そう、目についたもの全てについて語ればいいんです。」

 自分で言っておいてなんですがそんなことできるのかと思わなくもないので、あえて自らチャレンジしてみます。そう、今回の記事は挑戦的と言えば聞こえのいい、タダの思い付きです。

 私たちが日常的に目にする窓、竪穴式住居の再現など古代の住居を見ると分かるように昔の家には窓がありませんでした。外が暗くなったら作業ができなくなる時代において、昼は外で狩りや採集・農業、夜は家で寝るという生活サイクルでは家が明るい必要が無かったからです。また、あまり気にしたことが無いと思いますが実は窓というのは技術的に難しいものです。なにせ家の壁の目的は外敵の侵入防止と保温、視界の遮断などであり、壁に穴を空けて窓を作るとそれらの目的を達成できなくなってしまうからです。

 初期の窓は蓋付の壁という程度のものでした。障子付きの窓やガラス窓が登場したのは商業や宗教などの登場、つまり店舗や教会など家屋の中での仕事が発展して以降と考えられます。商売や仕事、宗教行事を屋内へ行うために採光が必要になったことが理由です。ゴシック建築における教会の美しいステンドグラスなどはその象徴と言えるでしょう。

 身近なものですが歴史を追うと意外と奥深いもの、それが窓です。

ガラス

 私たちが日常的に目にするガラスの主成分はケイ素、つまり砂です。ケイ素は世界中に分布している物質の一つであり、地表の60%を占めています。そのためケイ素は古代から世界各地での活用が確認されており、紀元前4000年前の古代メソポタミアの遺跡からガラス加工品が見つかっているほどに歴史があります。日本でも古代の遺跡からガラス工房の跡が見つかっています。

 そんなガラスですが、ガラスは固体ではなく液体ではないかという議論が過去にはありました。固体の定義は内部の分子が幾何学的に格子状の結晶構造を持っていることとされていますが、ガラスは結晶構造を持っておらず液体のように内部が不規則に変化しているからです。ガラスは固体の定義から外れています、しかしながら液体とも言い切れない性質を持っており、どちらと表現するのが正しいのか様々な人が長年議論を続けてきました。現在ではガラスは「液体のような固体」「液体と固体の中間」「アモルファス」と呼ばれています。固体と液体のどちらでも無いというのが正解だったのです。

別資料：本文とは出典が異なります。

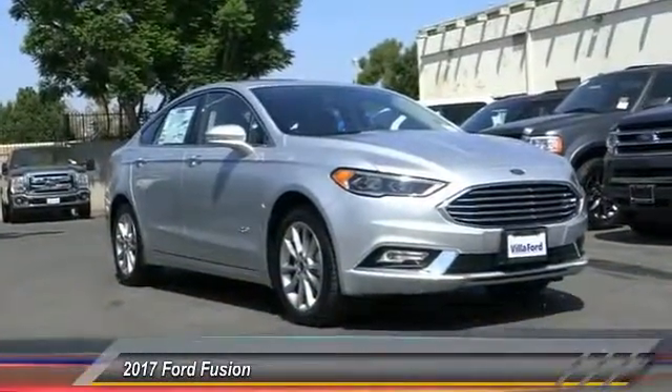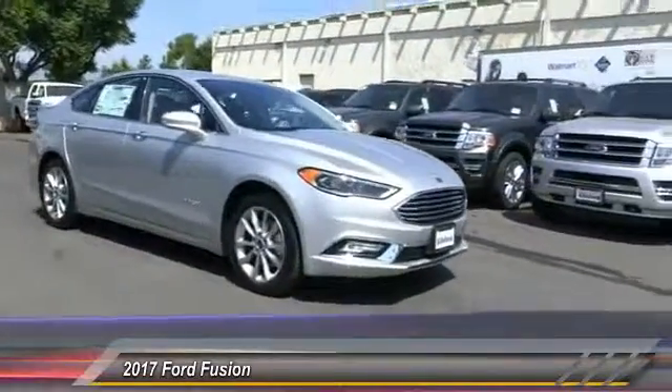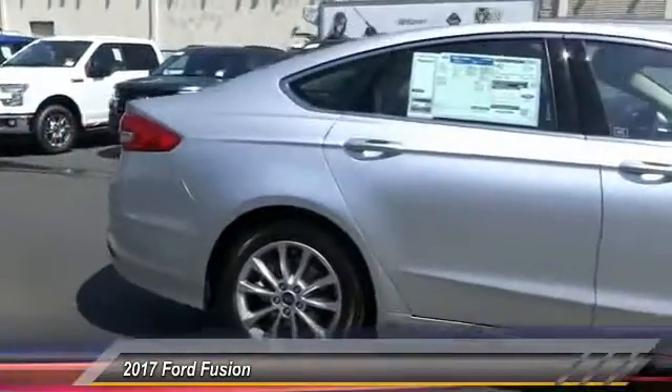2017 Fusion. You can have both impressive power and great economy in a Fusion, and it is priced below $35,000. This vehicle has less than 100 miles.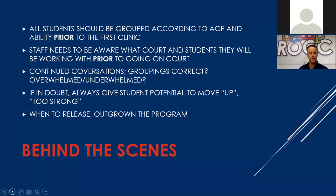Continue to have conversations with your staff — are the groupings correct? Are any children overwhelmed or underwhelmed? Nothing is better for a parent than having one of your teaching professionals or the director of junior tennis reach out and say that their child is going to be better challenged in another clinic, or that this clinic may be a little overwhelming. We want to make sure they're in the correct group for their development. When a child is comfortable in a group and feels that with their peers, they're going to enjoy it more — and with enjoyment comes retention of students in your program.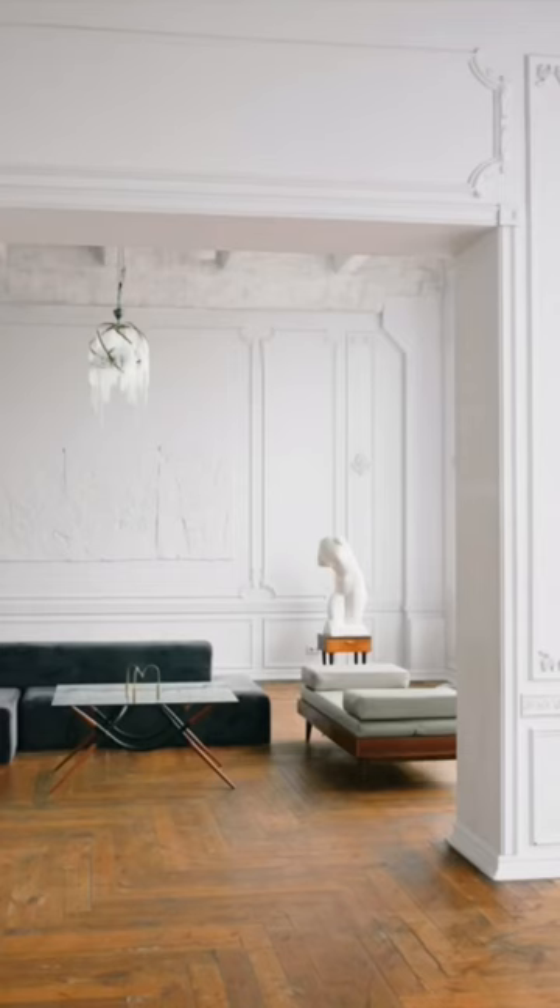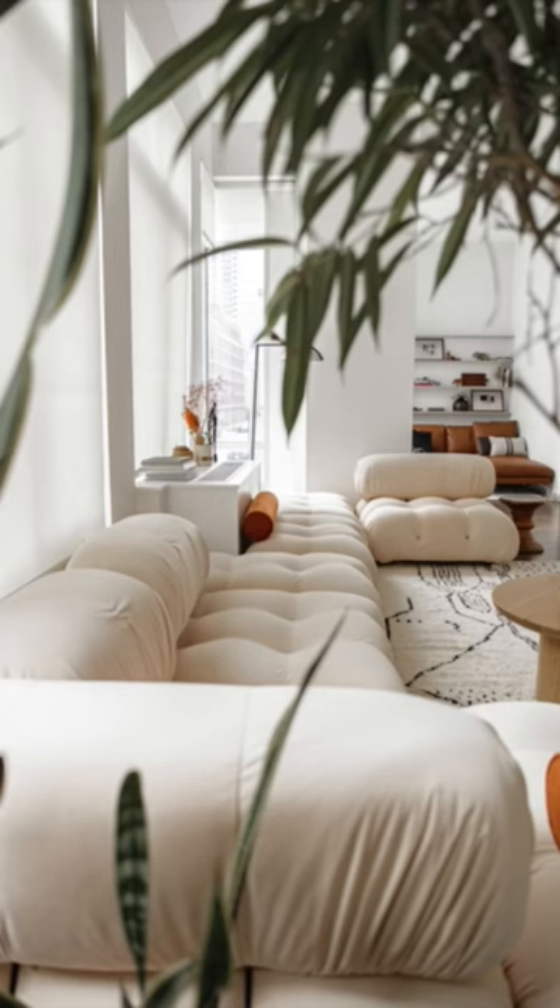Look for main furniture pieces in your space like sofas, chairs, and even your bed that are lower to the ground. This makes the mid area of the space feel more open, and those furniture pieces being lower makes them look smaller and the room therefore larger. Like and follow for more.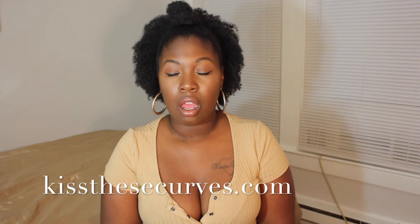Hi guys, welcome back to my channel! I decided I'm going to start uploading Mondays and Thursdays. This one will be up on Monday, so Monday and Thursday will be the days here. Check out kissthesecurves.com — I will have blogs posted on Tuesdays and Wednesdays, so Mondays and Thursdays are here and Tuesdays and Wednesdays are on kissthesecurves.com.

 物質の状態というのはなかなか興味深いものです。古典的には三相(固体・液体・気体)がありますが、現代ではプラズマやコロイド、液晶や超臨界流体など様々な状態が見つかっています。アモルファスもその一種です。

 窓ガラスは室内への採光を容易にしました。ここで課題になるのがどの程度光を集めることができているか、つまり光の量の測定です。長さや重さであれば棒や天秤などを使って何かと比較することで測定できますが、光の量は比較して測定するのがとても難しいのです。光の量のように純粋な物理量では無い量のことを心理物理量と呼びます。

 光に関連する単位にはカンデラ、ルーメン、ルクス、フォト、スチルブ、ランバートなど様々なものがあります。日常で目にするのは蛍光灯等でよく用いられているルーメンやルクスくらいでしょうか。

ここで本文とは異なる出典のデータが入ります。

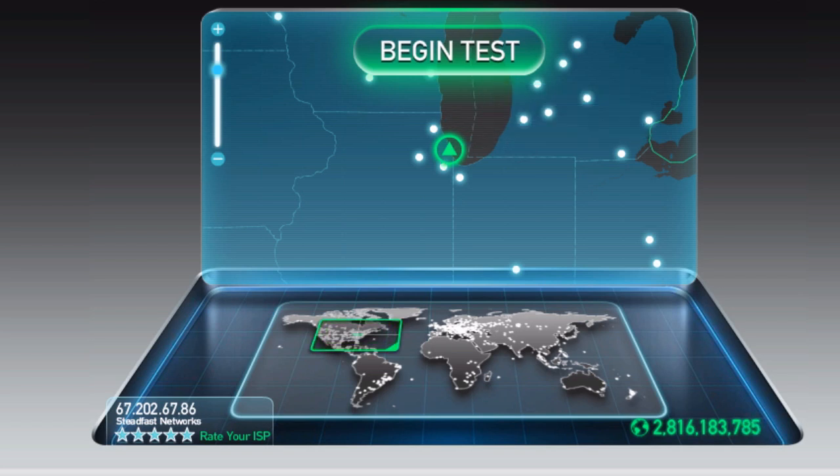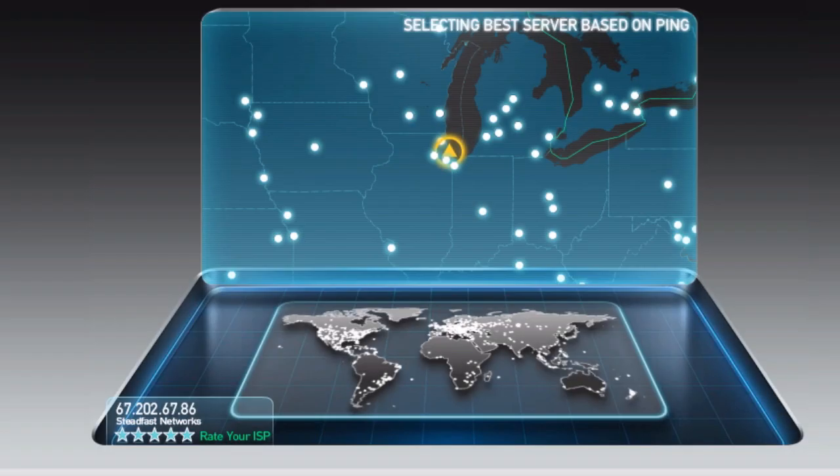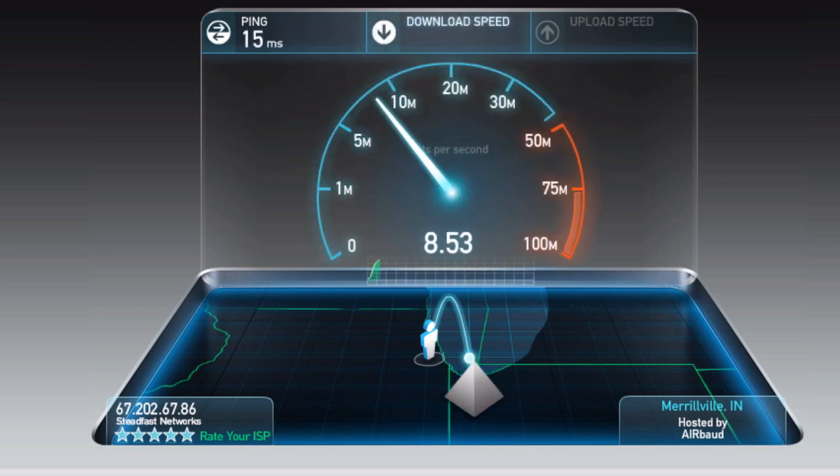This means more options, but it also may potentially mean more accurate results using our Begin Test button. When we push this Begin Test, we try to find you the closest server on the network. We ping the five nearest servers on our map and choose the one with the lowest ping — that's the server taking the least amount of time for a request to go out and a response to come back to you.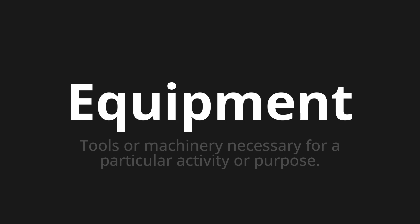Let's say it all together. Equipment. Equipment.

 国際単位系としてはカンデラ(光度)が基本単位として扱われています。光度は大雑把に言えば光の強さのことです。カンデラの定義を見てみましょう。

カンデラ (cd) は光度の単位であり、その大きさは、単位 lm·W−1 (cd·sr·W−1 または cd·sr·kg−1·m−2·s3 に等しい) による表現で、周波数 540×1012 Hz の単色光の発光効率の数値を 683 と定めることによって設定される。ここで、キログラムとメートルと秒は h と c と ΔνCs を用いて定義されたものである。

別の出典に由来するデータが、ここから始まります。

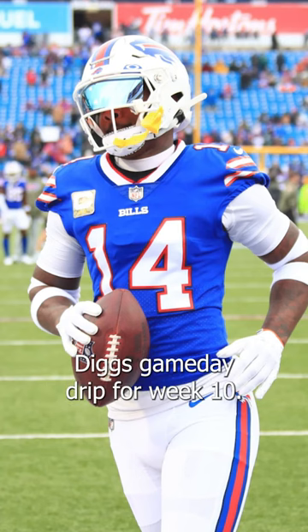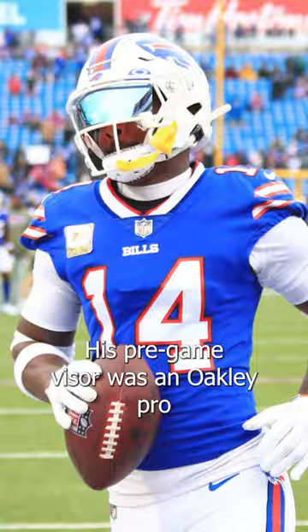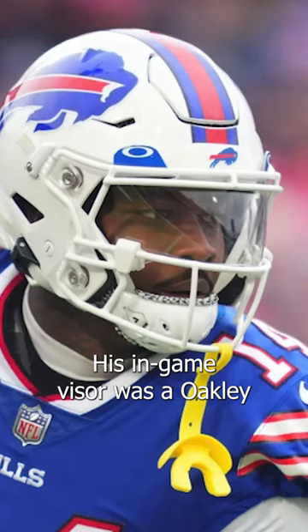Let's take a look at Stefan Diggs' Gameday Drip for Week 10. Up top, we have the Riddell Speedflex Helmet. His pre-game visor was an Oakley Pro Visor in the Blue Sapphire Prism, and his in-game visor was an Oakley Pro Visor in Regular Clear.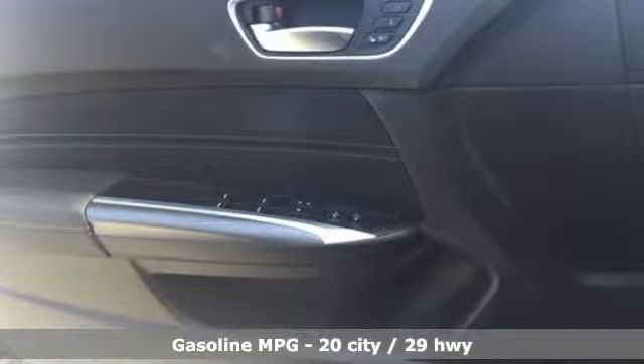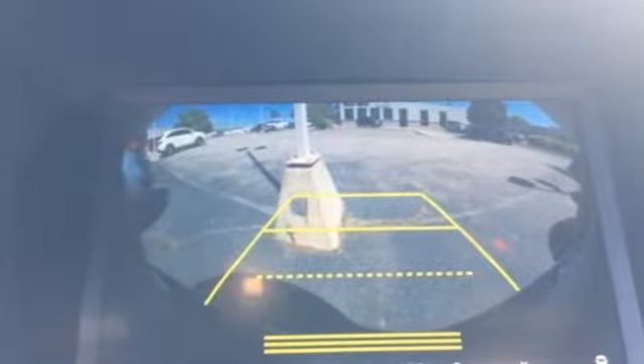Streaming audio, front heated and ventilated sports seats, doors and push button start proximity key, power sliding and tilting sunroof, V6 engine.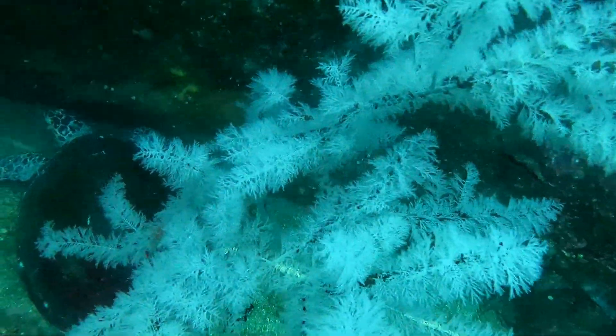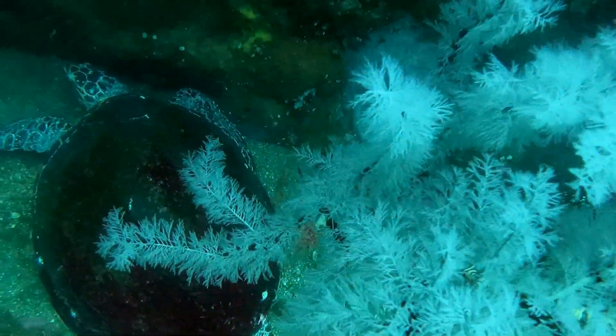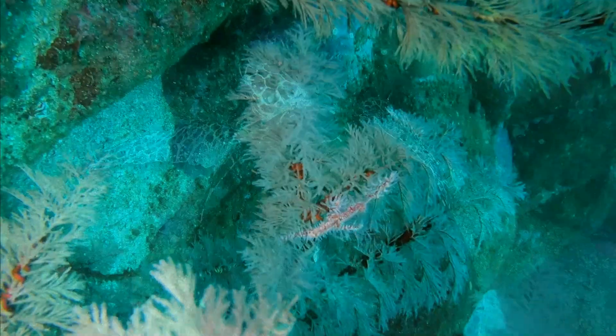Believe it or not, this is a black coral tree even though it's white. They get their name from their black skeletons, which are composed of chitin.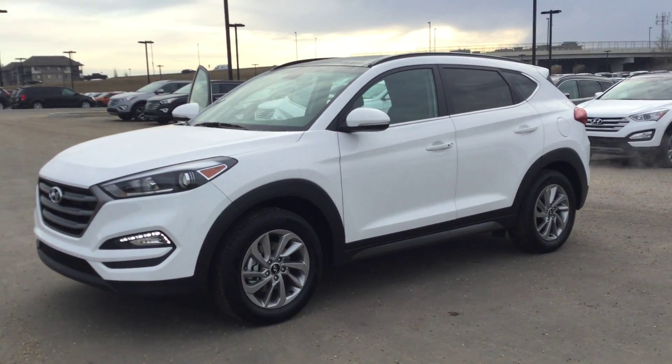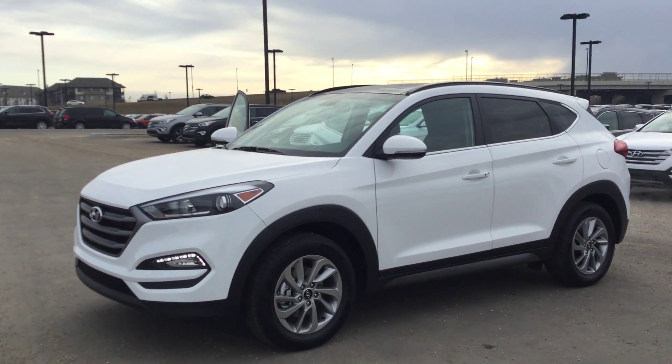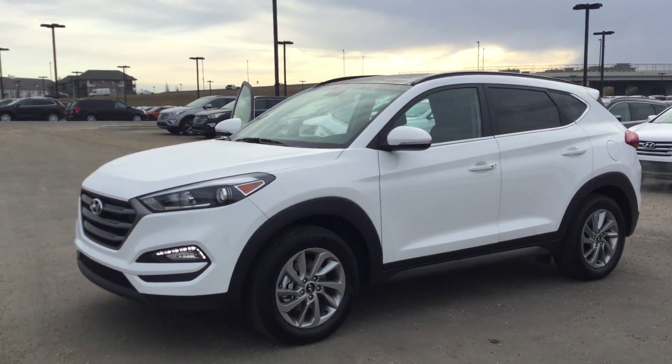Hello Carly, this is Kaylee, sales associate down here at River City Hyundai. We just wanted to say thank you so much for your inquiry on the 2016 Hyundai Tucson. This is going to be a quick video highlighting some of the features that this vehicle has.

 厳密さを求めているのは分かりますが、もはや呪文です。なぜ540テラヘルツなのかとか発光効率が683なのはどうしてかとかは、説明が長く、面倒臭く、難しくなるので止めましょう。

 光度は元々"標準蝋燭”という基準のロウソク1本分の明るさを1キャンドル(燭)として決めていました。しかしキャンドルは定義が曖昧で地域差などがあったために、もっと厳密なカンデラという新しい単位が定義されました。ただし今まで使っていた単位のキャンドルから使い勝手が変わらないよう、1キャンドル=1.0067カンデラとほぼ同じ値になるようにカンデラは定義されました。そのため1カンデラ≒1キャンドル=ロウソク1本の明るさ、と覚えやすくなっています。

 ちなみにロウソクの英語キャンドルと単位のカンデラはどちらもラテン語のcandela(獣脂蝋燭)が語源です。ついでに照明器具のカンテラも同じ語源です。

結論

 まあ、書けないことはない・・・ないのですが、思ったよりも辛かったです。ほとんど雑学披露になってしまいました。ふと目に付いた「窓」だけでは文章量が少なかったため、最終的には専門の理系分野に話を寄せる卑怯な技まで使っています。その上でこの惨憺たる有様です。

 もっとこう情緒的な文章を書きたかったんです、書きたかったんですけど、窓君との思い出話とか無いですし・・・もうちょっと書きやすそうなものが目に付けば良かったものを。

 書けるとは言ったけど面白い記事になるとは言っていない、ということでご勘弁を。いや、でも頑張った方だとは思うんですよ・・・?